━━ PROVIDED RECORDS ━━

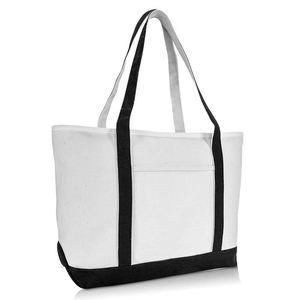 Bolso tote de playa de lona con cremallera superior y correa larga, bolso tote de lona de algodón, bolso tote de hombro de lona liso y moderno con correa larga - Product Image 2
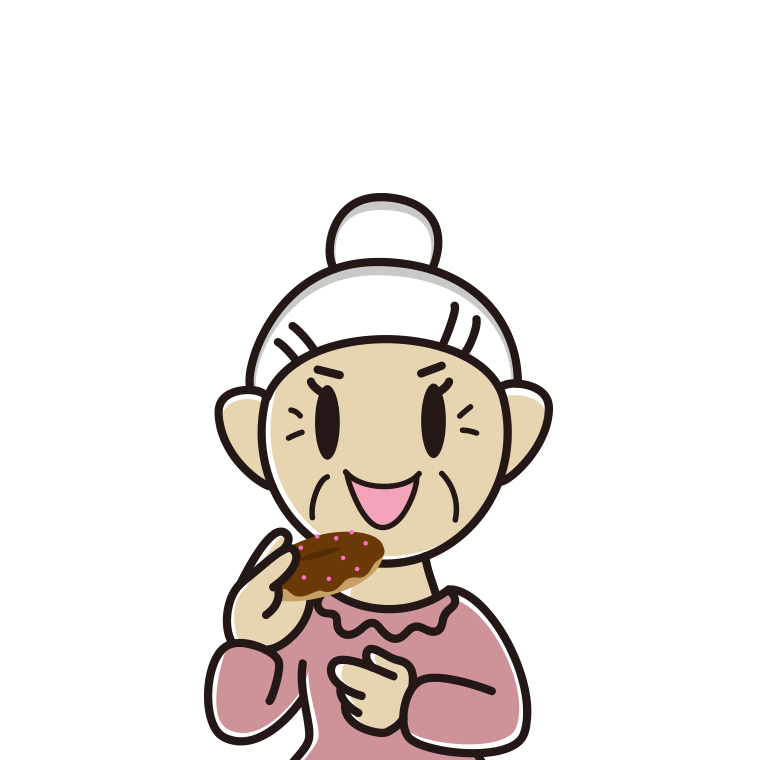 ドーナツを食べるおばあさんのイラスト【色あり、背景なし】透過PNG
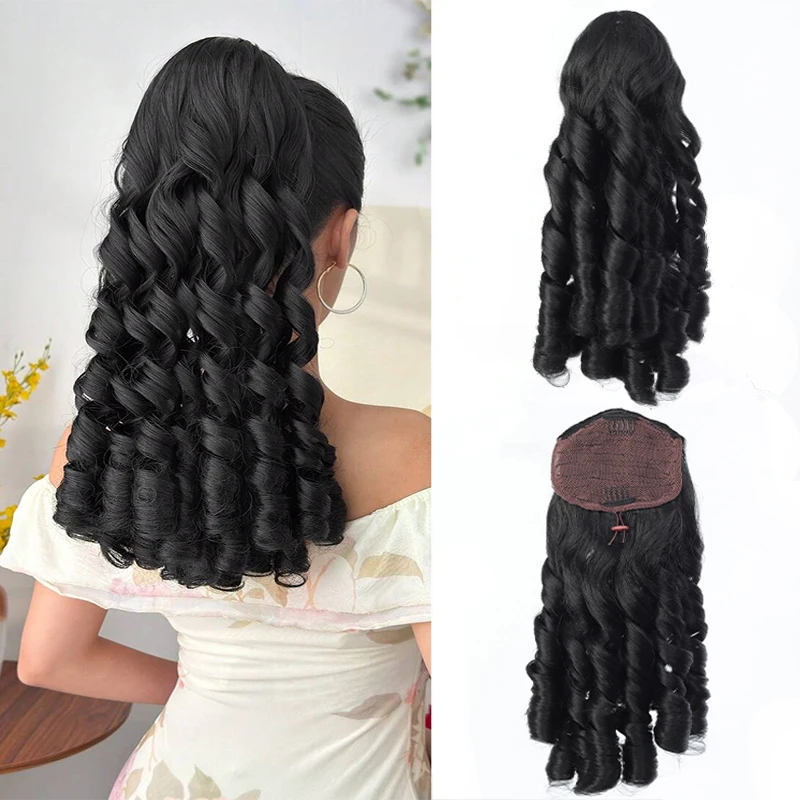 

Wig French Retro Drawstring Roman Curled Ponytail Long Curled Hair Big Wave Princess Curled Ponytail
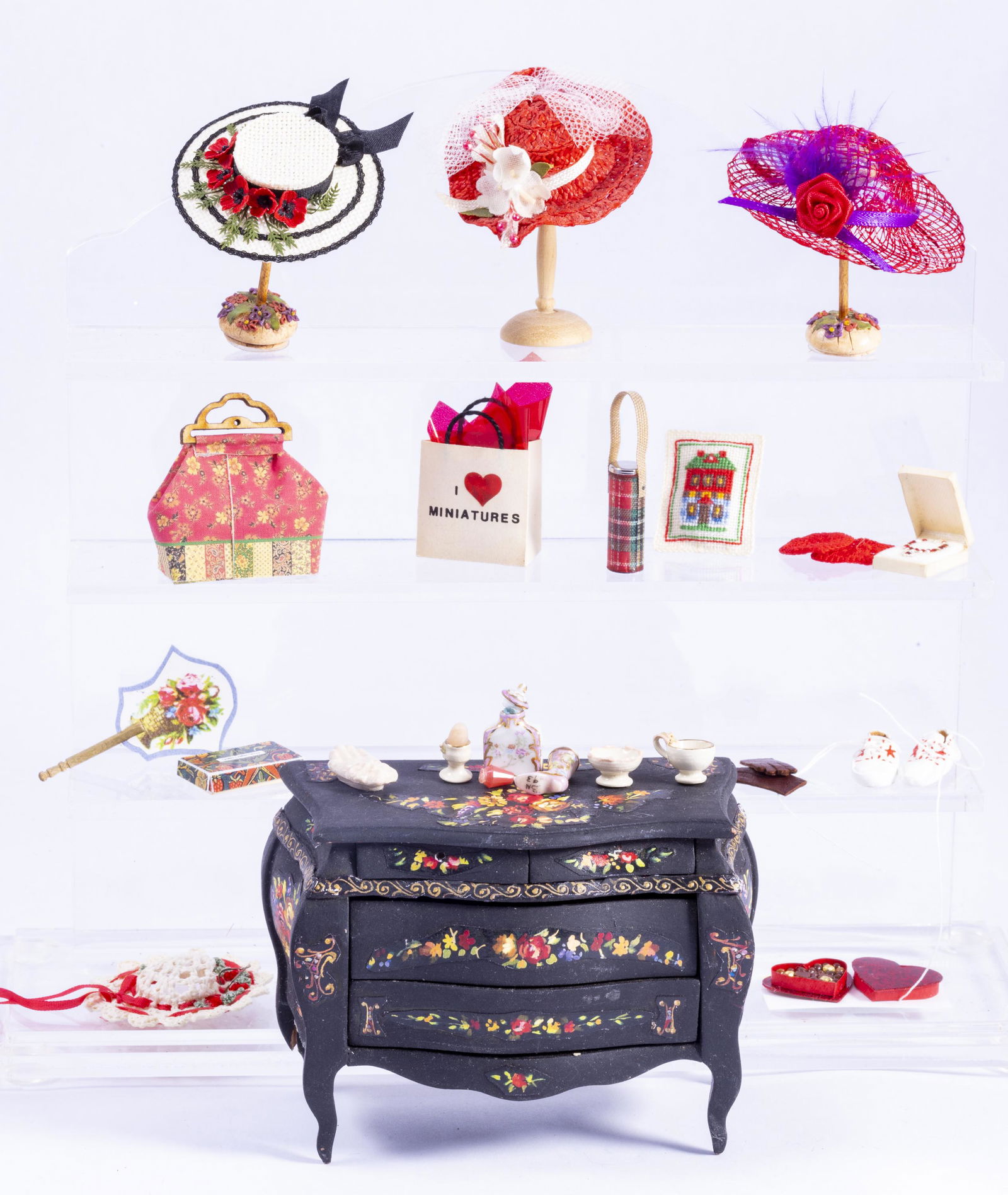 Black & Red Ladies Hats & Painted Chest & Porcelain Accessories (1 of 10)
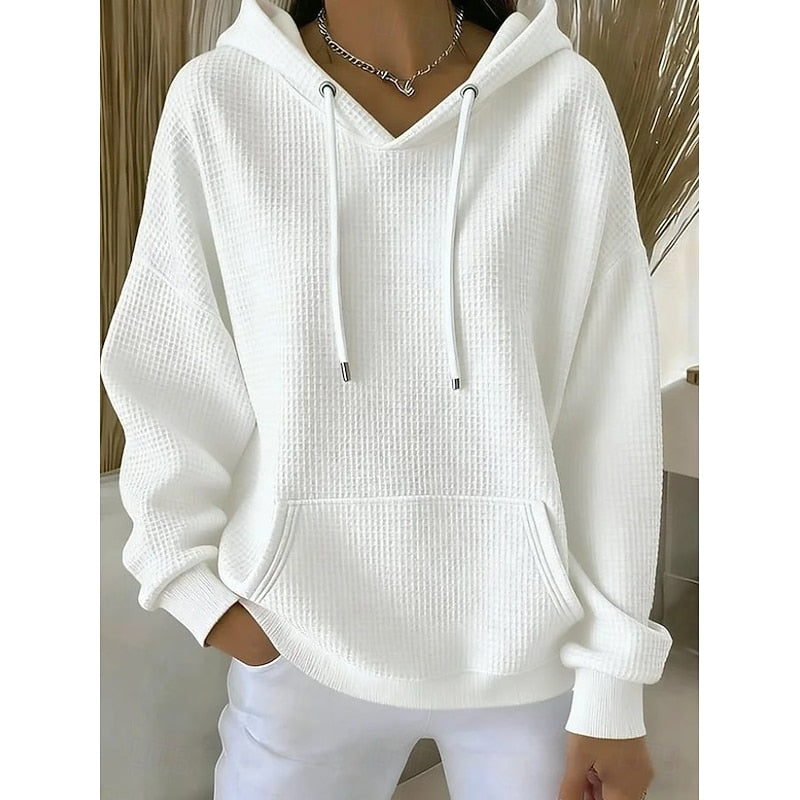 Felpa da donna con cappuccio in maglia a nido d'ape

━━━

• YOUR OBJECTIVE:
Return, exactly as they appear, the lines from the line containing "Black & Red" through the end of the records above, both ends included, without pictures.

• RESPONSE TO THIS TASK:
 Black & Red Ladies Hats & Painted Chest & Porcelain Accessories (1 of 10)
 Felpa da donna con cappuccio in maglia a nido d'ape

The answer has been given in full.